8 de noviembre de 2014

Capítulo 21: Es la cerca.


Día 30: Mediodía 


-     Están afuera.
-          Se acabó esta verga.
-          ¿Ya no tenemos mangos?
-          … No.
-          Coño.

    A veces extrañaban el ruido. No solo el estruendo fastidioso de la ciudad, en donde hasta el calor parecía gritar. Extrañaban el ruido de la gente, o no gente, arrastrándose, golpeándose contra las paredes, contra las puertas. Extrañaban el hambre de la lemna queriendo entrar a devorar todo lo que hubiera: Al menos así sabía de donde vienen, en donde están, a donde no correr.

30 días han pasado.

-        Marico. ¿30 días?
-        Sí, loco. 30. 30 no más.
-        ¿Y vos los estabas contando?
-        Verga…

    30 días, en los que las calles se habían ido silenciando hasta llegar al punto en donde estaban hoy. Este terror desconocido para un maracucho, el silencio, se había comido las calles. Por otro lado, uno más amable, hacía al menos una semana que no se encontraban con un lemnoso. Claro, que hacía ya una semana que no salían a buscar qué comer. Lo último que consiguieron, les duró hasta hoy, pero cuando son 3 bocas que alimentar, la ansiedad, y la pobre cultura preventiva devoraban cualquier reserva.
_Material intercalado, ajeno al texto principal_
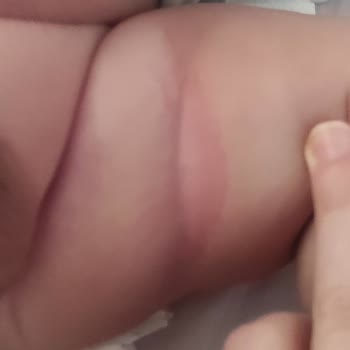 Sleepy Bezlerin Kalitesiz Yapısı Bebeğimi Rahatsız Etti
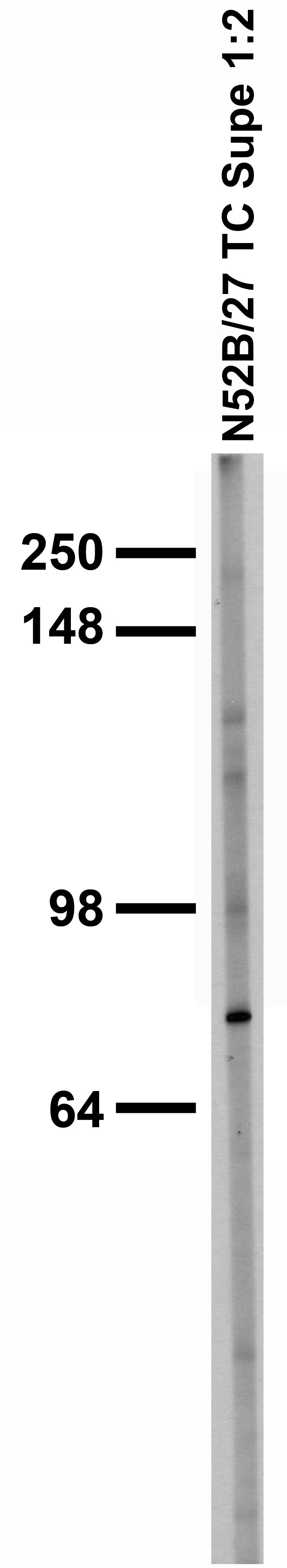 Western blot analysis in extracts from COLO205 cells using EDG-4 / LPAR2 antibody.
-          ¿En serio no quedan Mangos, gordo?
-          No, beba. No queda nada.

     Los más jóvenes han sido los que más han sobrevivido. Al menos eso creen, quieren creer. Con eso  se justifican. Con algo se tienen que justificar a sí mismos.
Las noches pasan largas, los sueños cortos, los días parecen trancarse, arrancar, trancarse. Todo pasa con una torpeza larga y callada.

-          Marico ¿Te acordáis de Youtube?  
-          Chamo, te voy a agradecer, no me habléis de esa verga.
-          Es que extraño el inter…
-          ¡Loco! ¡De pana…!

    Y nada pasa. Realmente. El silencio gobierna las calles. Días sin saber de nadie, días sin saber del resto de su familia, amigos. Días sin saber de Maracaibo. Al otro lado de la puerta, un cementerio tan largo como las calles de su urbanización cerrada. Ellos fueron los únicos que sobrevivieron. A pesar de todas las precauciones que tomaron los de la urbanización, que tuvieron ventaja de previo conocimiento por vivir en el norte de la ciudad cuando la infección comenzó en el sur, nada sirvió cuando la ola de lemna chocó contra los portones – qué mariquera esos portones, loco. No pueden parar una camioneta que vaya full. ¿De qué nos cuidaban esos marditos? – y devoraron casa por casa. Sólo su casa se salvó. La casa, no sus habitantes. Uno a uno fue convirtiéndose por alguna razón o por otra en lemna, y él, aprieta el puño, hizo lo que pudo. Lo que videojuegos y películas tanto le enseñaron. Sólo él, su hermano y su prima. Al final, sólo él. Y ahora, el hambre.

-          ¿Y el cereal que conseguimos?
-          Te lo comiste.
-          ¿Y las barras?
-          Te las comiste.
-          ¿Todas?
-          Sí.

    Acomoda una bandana en su muñeca. Se rasca la barba. Se levanta del sofá. Va a la puerta. Chequea por el ojo mágico. Sí, en efecto.

-          ¿Están ahí, verdad?
-          Sí.
-          ¿Saben que estamos aquí?
-          No creo.

     El primer lemnoso que han visto en días camina con torpeza por la calle. Era una anciana. Está encorvada, parece artrítica. No debería ser mucho problema. Si tan solo fuera como los primeros días, un golpe en la cabeza con Ryoko y listo. Si tan solo fuera como los primeros días. Pero ahora hay que cuidarse de las chispas de pus, de lemna, de no respirar cerca, y de los mosquitos. Los malditos mosquitos.

- Los marditos zancudos de mierda – dice, mientras toma a Ryoko y la desenvaina para hacerla menos pesada, embolsa una linterna, fósforos, un par de cambios de ropa, y las 3 últimas latas de repelente de mosquitos. Va al baño, y mientras se despide del retrete alcanza ver una toalla. Sonríe. La toma, y también la embolsa. Baja las escaleras, mira a su prima y a su hermano. -Nos fuimos.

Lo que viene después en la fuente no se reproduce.